甘口辛口

坂口安吾の炯眼

2006/9/30(土) 午後 5:59

私は若い頃から坂口安吾が好きで、彼について何度も人に語ったり、文章にしてきたきたけれども、まだその作品を半分も読んでいない。多少懐に余裕が出てきて、好きな作家の全集を買いそろえることができるようになっても、これまで安吾の全集を買う気にはならなかった。

何故かというと、安吾の作品で読むに値するものは中期に集中しており、初期のものや晩年のものは、それこそ箸にも棒にもかからぬ悪作が多いからだ。
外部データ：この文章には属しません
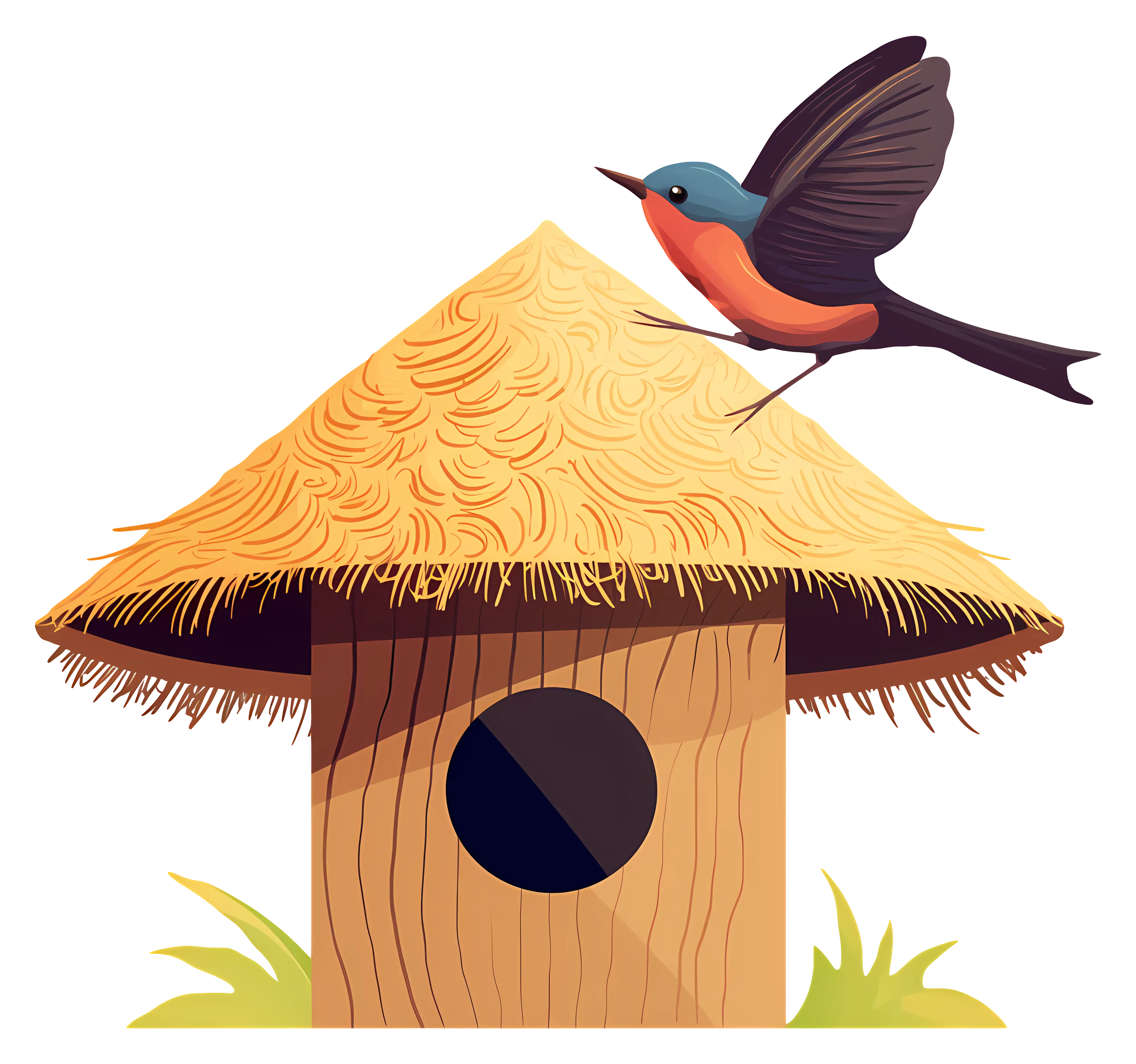 Birdhouse with Bird Illustration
全集を購入して「吹雪物語」のようなつまらぬ作品を読まされると思うと、手を出す気がしなくなるのである。

しかし、中期、つまり全盛期の彼の作品には、実に良いものが揃っている。世俗に帰属することを拒み、世間の枠外で生きた点で、安吾は大杉栄に似ている。大杉も安吾も世間的常識に縛られることなく生きた。それ故に、彼らは日本社会のゆがみを浄玻璃にかけるように明晰にとらえることができたのだった。死後になっても二人に多くのファンが付き、その作家的生命は今後も末永く続くだろうと推測されるのはこのためである。
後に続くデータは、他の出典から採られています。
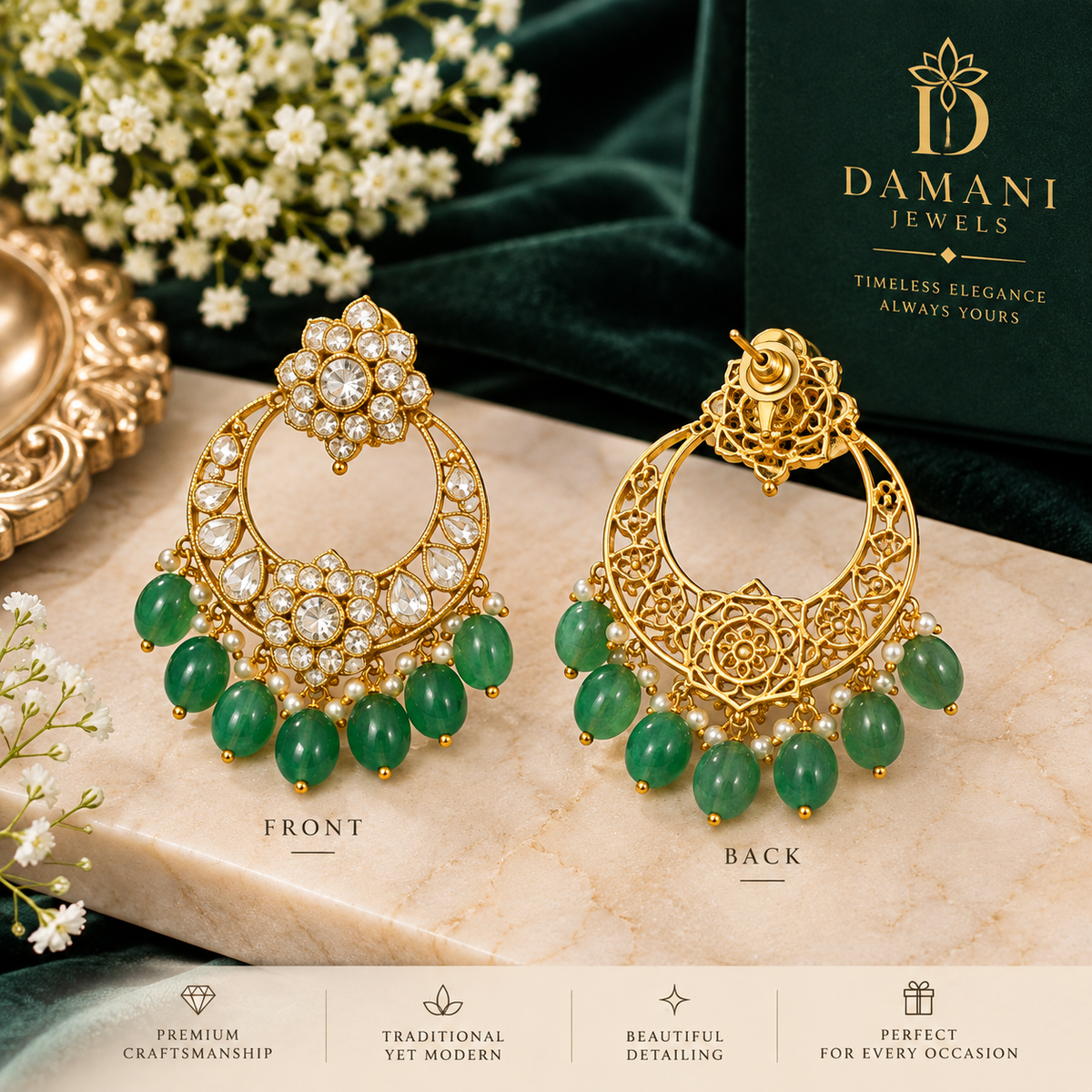 Designer green Moissanite earrings with teardrop bead detailing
安吾は20代で新進作家として認められたが、その後、十数年も忘れられていた。それが、昭和21年「堕落論」を雑誌に載せたことで一躍脚光を浴びることになる。彼は、夫を戦場で失った「靖国の妻」が別の男に心を移したり、特攻隊の生き残りが闇屋になったりすることを、堕落ではなくて人間の本来相に戻ったのだとして弁護する。戦争中、仮面をかぶって生きていた国民は、今、堕落することによって人間本来の存在仕方に回帰したのだ。日本人よ、堕落せよ、そして本来の健康な人間性を回復せよ。

「日本文化私感」も、古美術・古建築を礼賛する日本主義者の通説を、鎧袖一触で論破する。形あるものは必ず滅びる。いずれ跡形無く消えることになる法隆寺や東大寺に恋々として保存策に腐心するよりは、次々に新しく生み出される現代の美に注目したらどうか。ガスタンク、小菅刑務所、ドライアイス製造工場、みなそれぞれに美しいではないか。
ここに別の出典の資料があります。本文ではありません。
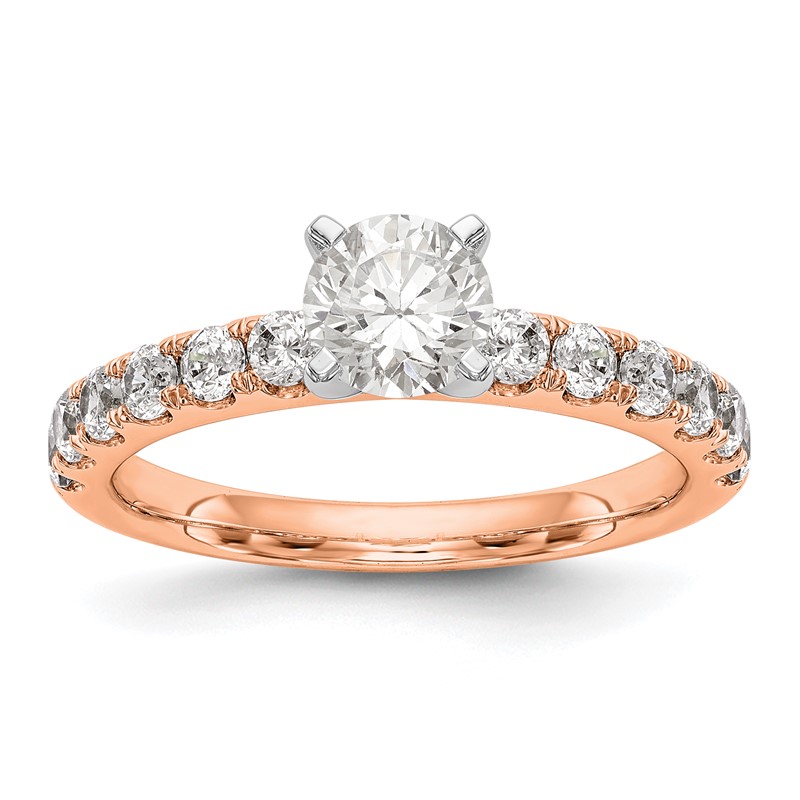 True Origin 14K Rose Gold 5/8 carat Lab Grown Diamond VS  D E F  Semi Mount Peg Set Ring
安吾は政治的な発言もしている。彼は左翼でも、マルクス主義者でもなかったが、守旧派の心胆をさむからしめるような発言をしているのである。
マッカーサー元帥に関する安吾の談話。

<彼(マッカーサー)は果敢な実験者であった。・・・・・共産党も公認したし、農地も解放した。憲法も改めた。農地解放は実質上の無血大革命のようなものだが、日本の農民も、農民の指導者たる政党も、その受けとり方がテンヤワンヤで、稀有な大改革を全然無意味なものにしてしまった。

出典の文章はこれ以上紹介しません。